En la segunda mitad del siglo pasado, el alarife local es sustituido por el práctico italiano, hombre generalmente iletrado y humilde, pero de natural buen gusto, no pervertido aún por las degeneraciones de la moda clasicista. El standard colonial es entonces modificado por la aplicación, reducida, de los grandes órdenes clásicos; de donde resulta un nuevo tipo de habitación. Esas casas lucían columnas adosadas, arcos de medio punto, anchas cornisas y, por sobre éstas, la gracia alegre de unas balaustradas hechas de ladrillo y cielo. Mostraban frentes amplios pintados al aceite, y a ellas daba acceso un zaguán adornado con mosaicos de colores sombríos. Verdaderos living-rooms durante la época estival, los patios eran espaciosos. El agua fresca del aljibe y la sombra cordial del emparrado resumían la sencilla felicidad de aquella gente.

Aun los mismos edificios públicos respondían al buen sentido popular. Así tenía Buenos Aires una arquitectura propia, determinada por la influencia del gusto italiano sobre el estilo colonial. El todo era armonioso -la metáfora surge fácilmente- como una partitura en la que cada instrumento contribuye al equilibrio del conjunto. Una disciplina colectiva, espontáneamente impuesta por leyes de elemental humanidad, hacía que ningún vecino rico pretendiera exhibir su condición privilegiada con arbitrariedades estilísticas de su propio magín.

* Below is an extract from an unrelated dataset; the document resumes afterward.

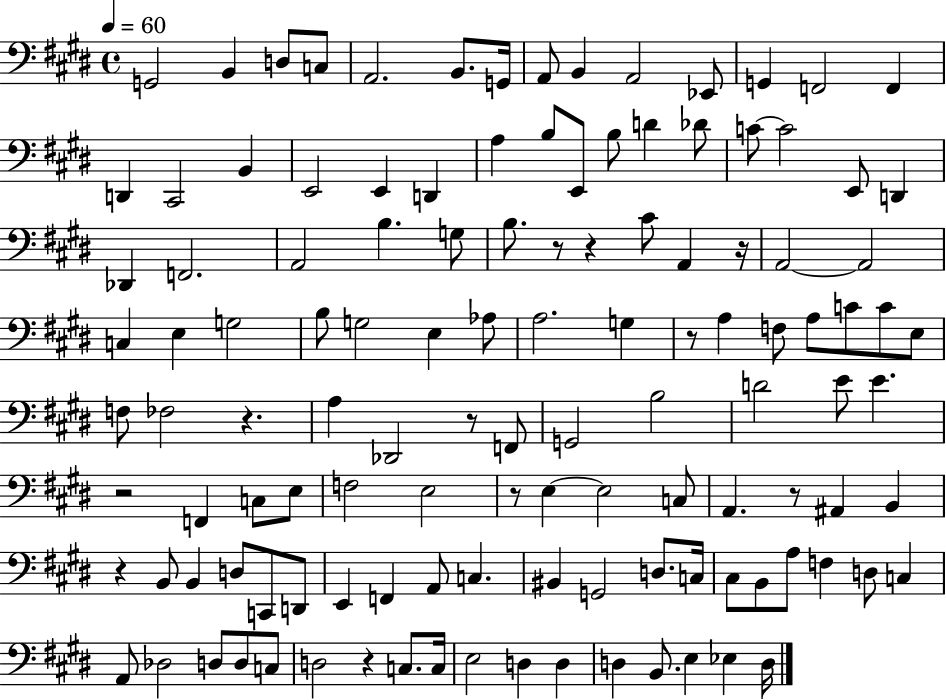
G2/h B2/q D3/e C3/e A2/h. B2/e. G2/s A2/e B2/q A2/h Eb2/e G2/q F2/h F2/q D2/q C#2/h B2/q E2/h E2/q D2/q A3/q B3/e E2/e B3/e D4/q Db4/e C4/e C4/h E2/e D2/q Db2/q F2/h. A2/h B3/q. G3/e B3/e. R/e R/q C#4/e A2/q R/s A2/h A2/h C3/q E3/q G3/h B3/e G3/h E3/q Ab3/e A3/h. G3/q R/e A3/q F3/e A3/e C4/e C4/e E3/e F3/e FES3/h R/q. A3/q Db2/h R/e F2/e G2/h B3/h D4/h E4/e E4/q. R/h F2/q C3/e E3/e F3/h E3/h R/e E3/q E3/h C3/e A2/q. R/e A#2/q B2/q R/q B2/e B2/q D3/e C2/e D2/e E2/q F2/q A2/e C3/q. BIS2/q G2/h D3/e. C3/s C#3/e B2/e A3/e F3/q D3/e C3/q A2/e Db3/h D3/e D3/e C3/e D3/h R/q C3/e. C3/s E3/h D3/q D3/q D3/q B2/e. E3/q Eb3/q D3/s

Eso es lo que hoy ocurre en Buenos Aires. El rumboso capricho personal del parvenu ha extendido a lo largo de nuestras   —220→   calles las más absurdas variedades de disparate arquitectónico. Para este caos -que no tiene la grandeza ni el interés del neoyorquino- queda una sola posibilidad de orden: un terremoto diligente y circunspecto que pulverice con sumas precauciones la chuchería de los frontispicios. Y aun cuando la intemperie y los aprietos no ahorraran disgustos a la población, sería saludable una fuerte lección de humildad a esta ciudad enferma de amor propio.

A la espera de ese castigo providencial, es conveniente que los arquitectos de Buenos Aires se instruyan con amor en el antiguo arte de construir casas humanas.